今回工事に入った3号機は、2024年8月に国家の建設許可を取得した。中国が独自開発した第3世代原発技術「華龍(フアロン)1号」を採用し、運転開始後の年間発電量は約100億キロワット時に達する見込みだ。これは、約100万人の年間の生活・生産に必要な電力をまかなえる規模に相当する。

三澳原発を運営する浙江蒼南原子力公司の黄維徳(こう・いてつ)副総経理によると、今回のコンクリート打設量は約8,820立方メートル(鉄筋分を除く)で、作業は約57時間にわたる見込みだ。プロジェクトチームは設計の見直しや施工手順の改善に取り組み、複数の先端技術・工法を取り入れている。

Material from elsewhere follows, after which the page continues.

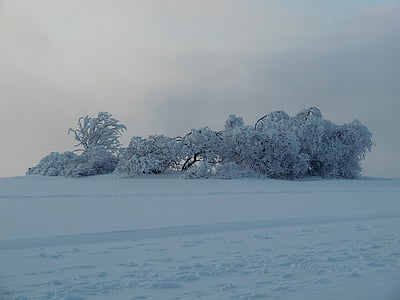 wasserkuppe, зимового, взимку, сніг, дерева, заморожені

その一つが「モジュール式の擁壁(ようへき)」だ。原子炉建屋(核島)周辺は作業スペースが限られるため、取り外しが可能なプレハブ式の擁壁を採用した。これは「華龍1号」シリーズの原発建設で初めて導入される工法だ。擁壁の全長は約62メートル。モジュール化と再利用設計により、狭い敷地を効率的に使えるようになり、従来の現場打設方式に比べて約80万元(約1,600万円)のコスト削減、さらに工期を約10日短縮する効果があったという。

民間資本が参画する新しい形式のもと、中国の最新型原発建設は着実に進んでおり、「華龍1号」技術の実用化拡大とともに、エネルギー供給体制の強化に向けた動きが加速している。